Bu arada sevgili Tunç'un, hava durumu ve günlerin kısalmasından ötürü tavsiyesi üzerine rotayı tekrar sivridağa çevirdik. Kayanın ve havanın durumuna göre ya eski rotalardan birini çıkacaktık, ya da güzel bir hat bulup gitiği yere kadar gidecektik.
Son dönemlerdeki keyifsizliğimden, moral ve motivasyonsuzluğumdan faaliyet sabahına kadar bir türlü kendimi tırmanışa hazır hissetmesem de, kemeri giyip kaskı taktığımda, eller toza bulanıp kayaya dokunduğumda, keyfim yerine geldi.
Kayanın sağlamlığı, rotanın güzelliği, kafamı çevirdiğimde gördüğüm manzara, şehire bu kadar yakın olup ama tırmanışın bu kadar içinde olabilmek inanılmaz duygular içindeydim.
Bu şekilde sabah 10:00'da başlayan tırmanışımız 15:30'a kadar devam etti, yer yer çatlak, yer yer slab kaya şeklinde bir hayli yükseldik, öyleki bitmesini istemediğim bir tırmanış oldu.
Tırmanış bu kadar keyifli olunca zaman da su gibi aktı tabi, ve bitti. Hızla inişe geçip hava kararmadan tırmanışı sonlandırdık.
Ertesi gün girilen ipimizin boyu yettmediğinden dolayı tamamlayamadığımız bir iki keyifli rotadan sonra da yemek-bira-duş vs ve otostop ile Antalya'ya dönüş, son dakikada yakalanılan sağanak, ıslanan ayaklar ve tekrar bunalımlı günlerin başlangıcı İstanbul.
Rota - Kaynak: Tunç Fındık |
Bu arada ilginç bir tesadüf yaşadım konudan alakasız, onu da yazayım da kayda geçsin. Çadırımızı toplarken yerde boş bir poşet bulup hep yanımda taşıdığım küçük sırt çantama atmıştım, bir de son dakika duş alacağım diye kıyafetlerimi ayırırken yanlışlıkla iki çift temiz çorap çıkarmış ve çantamı tamamen topladıktan sonra bunu farketmiştim ve o fazla çorabıda küçük sırt çantama atmıştım.

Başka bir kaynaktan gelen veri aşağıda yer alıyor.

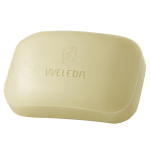Weleda calendula savon végétal bio 100g Weleda calendula savon végétal bio 100g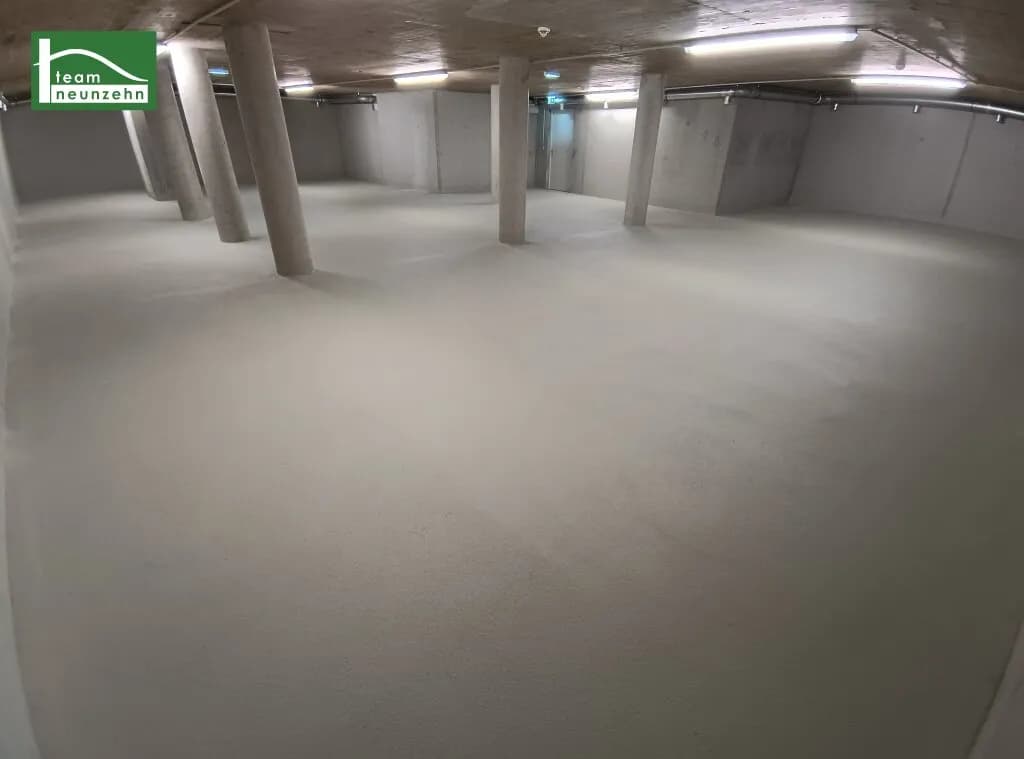 Gewerbeimmobilie mieten in Sankt Pölten – 193 m², € 1.257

Sanki başıma gelecekleri biliyormuş gibi. Antalya otogara geldiğimde ıslak ayaklarımı ne yapsam diye düşünürken aklıma yedek çorabım geldi, aa bir de baktım hemen elimin altında. E bu ıslak çorapları ne yapacağım derken aa bir de baktım çantamda boş bir poşet. :) Değişik bir tesadüf.